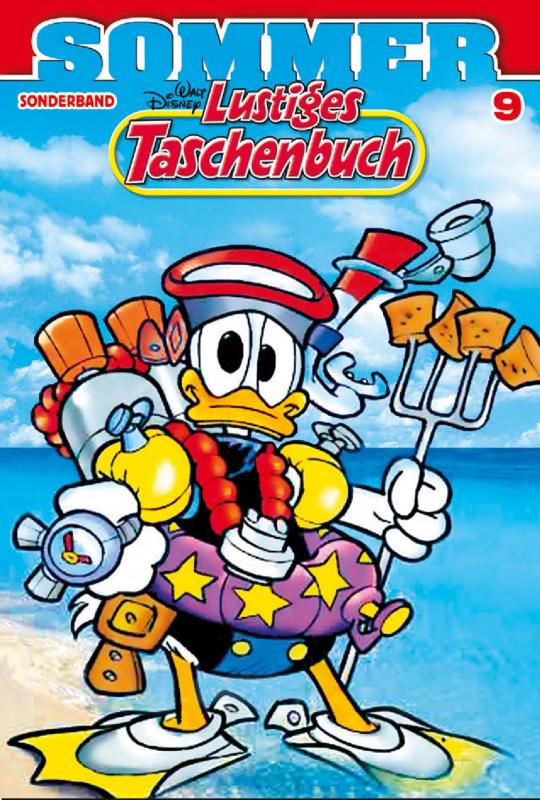 Cover-Bild Lustiges Taschenbuch Sommer 09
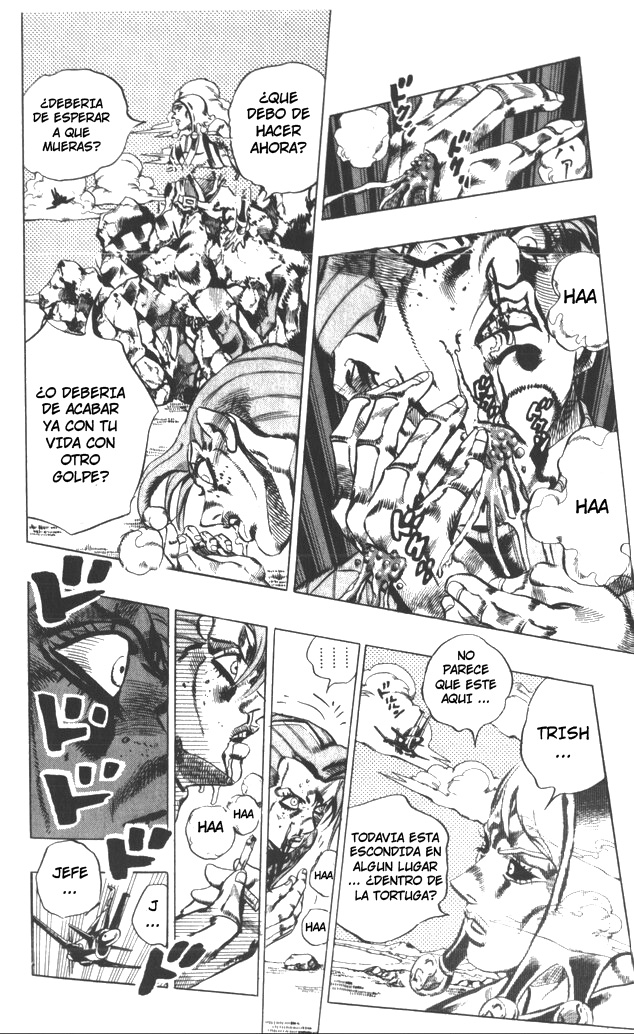 Read JoJo's Bizarre Adventure ES Manga Online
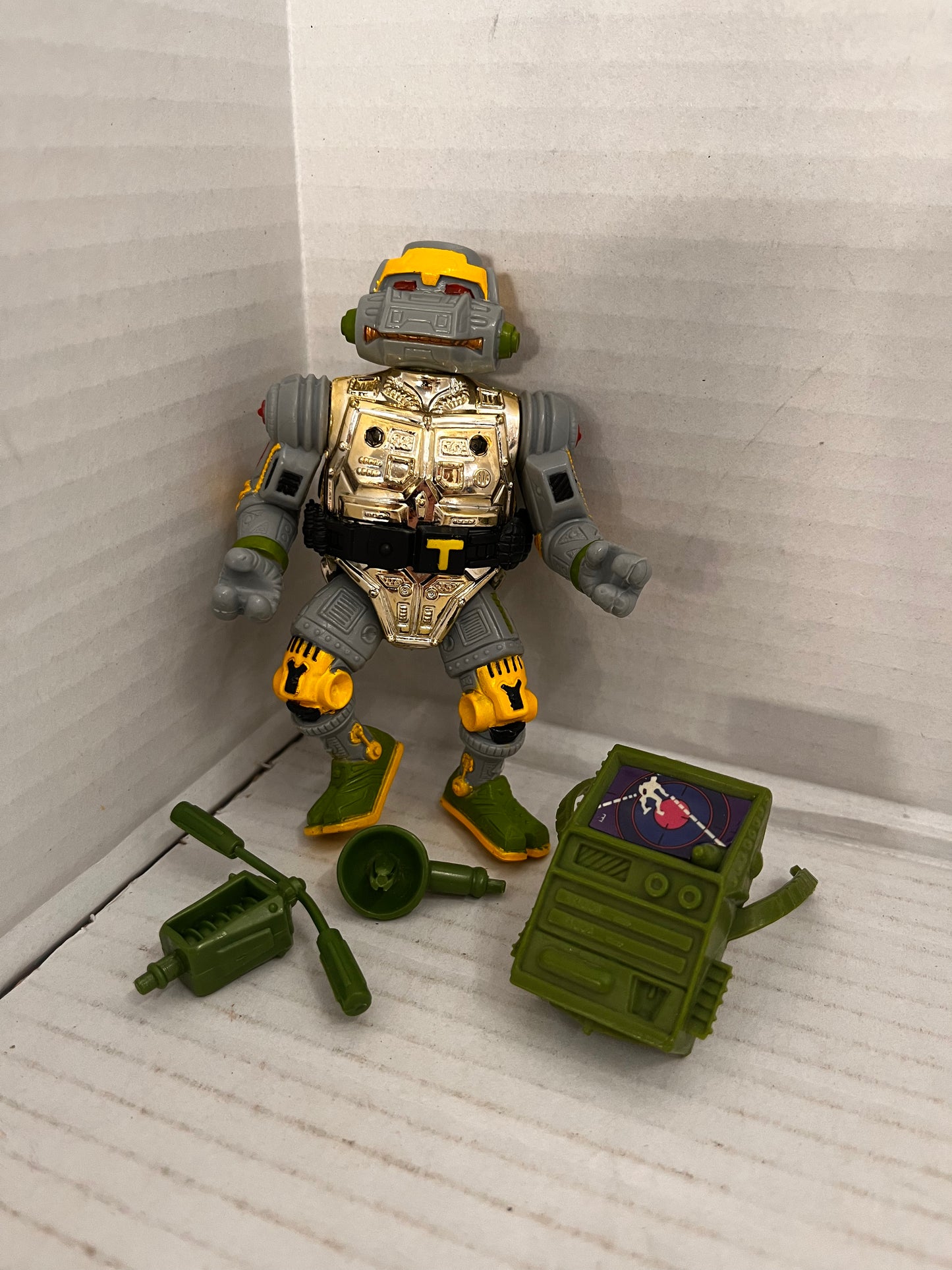 TMNT Metalhead 1989 Complete Teenage Mutant Ninja Turtles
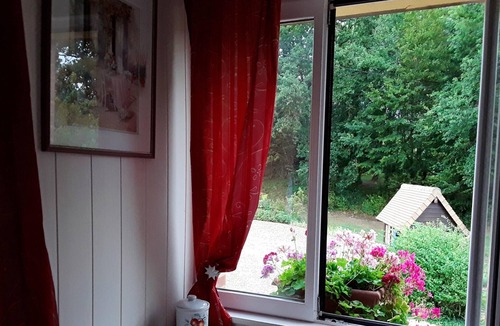 Les Authieux-Papion Apartment | Homerez - Nice appartement for 2 ppl. with terrace at Les Authieux Papion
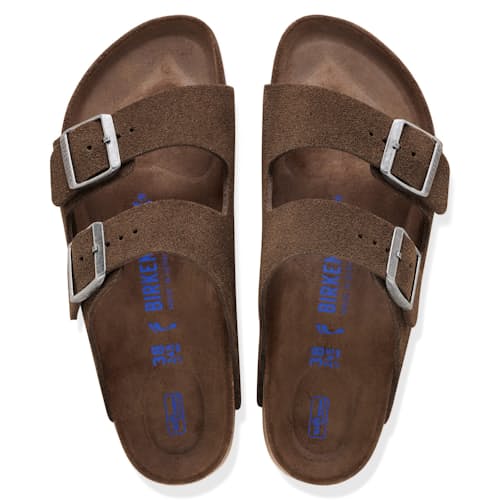 laydown image of Arizona Soft Footbed Sandal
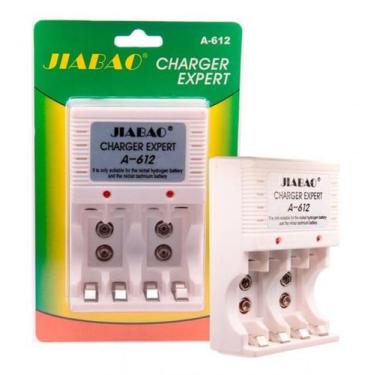 Imagem de Carregador De Pilha 9volts Modelos Aa Aaa Bateria 110v/220v - Allight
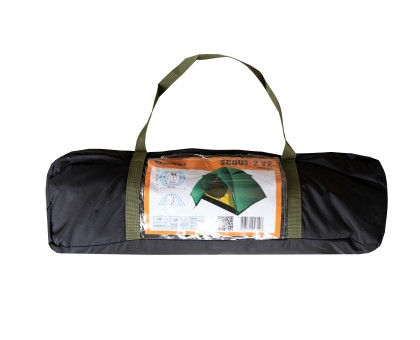 Намет Tramp Scout 2 (v2) green UTRT-055: купити для туризму в Україні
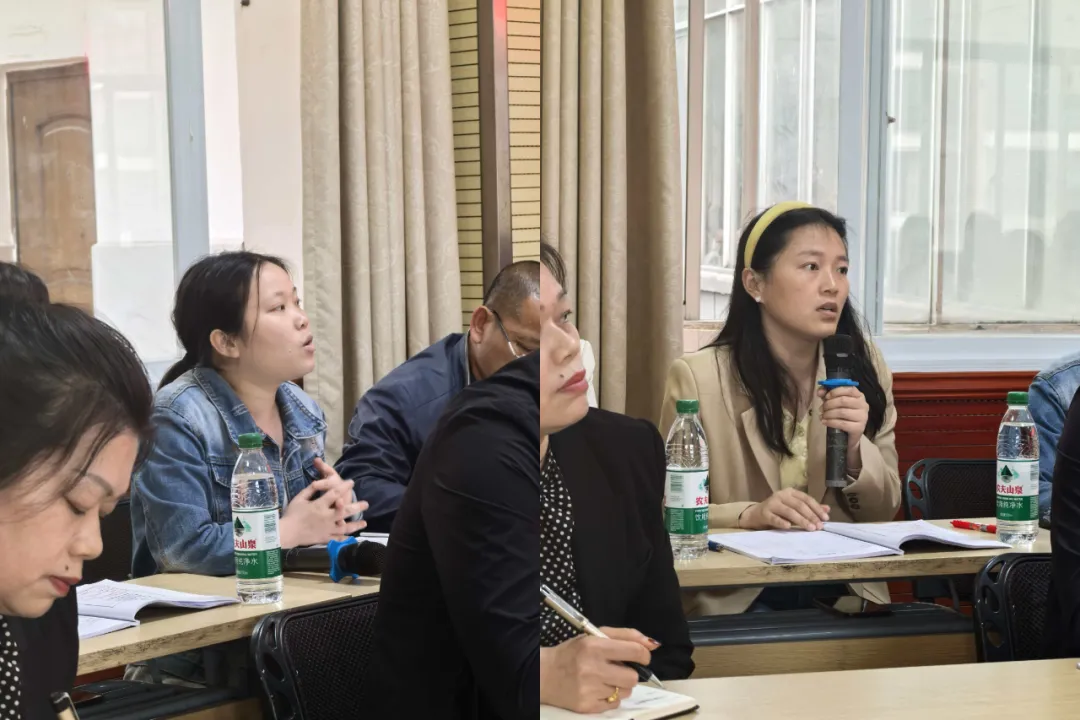 深入一线精准指导 凝心聚力共战中考 | 赤壁市教育局领导莅临官塘驿镇中学开展九年级备考视导工作 第3张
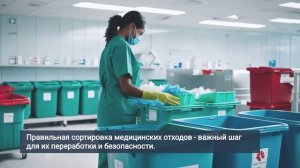 Обеспечение безопасности при обращении с медицинскими отходами, в объеме 36 часов
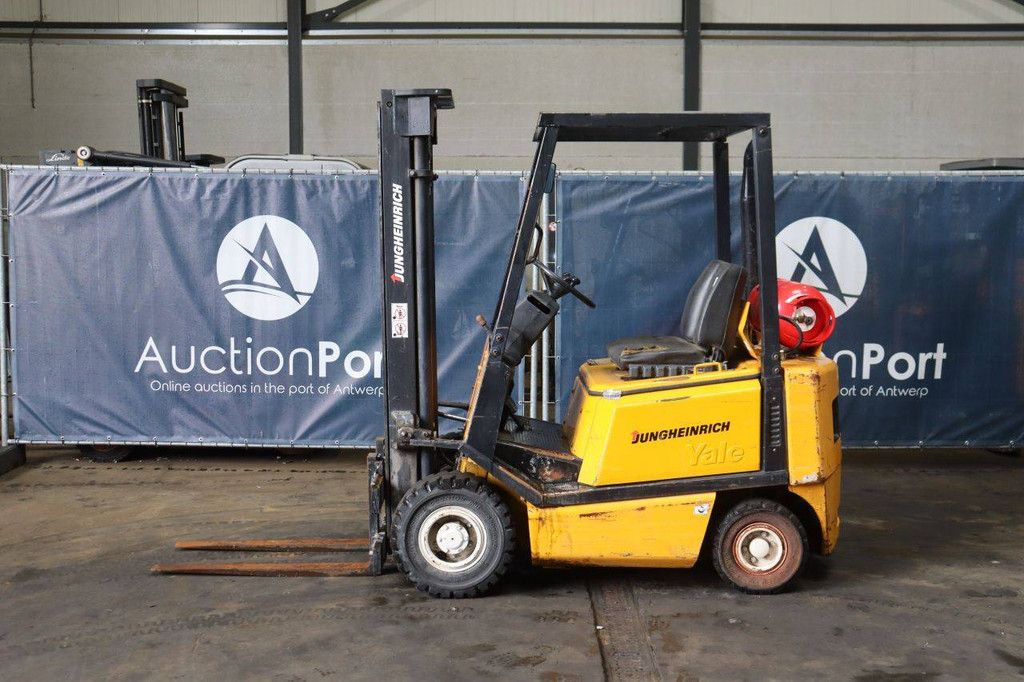 Gabelstapler Jungheinrich TFG15 LPG 1500kg 1992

◇ ◇ ◇

Leaving every picture out, please copy exactly the lines from the one holding "Намет Tramp Scout" through the last line of the listing, both ends included.

 Намет Tramp Scout 2 (v2) green UTRT-055: купити для туризму в Україні
 深入一线精准指导 凝心聚力共战中考 | 赤壁市教育局领导莅临官塘驿镇中学开展九年级备考视导工作 第3张
 Обеспечение безопасности при обращении с медицинскими отходами, в объеме 36 часов
 Gabelstapler Jungheinrich TFG15 LPG 1500kg 1992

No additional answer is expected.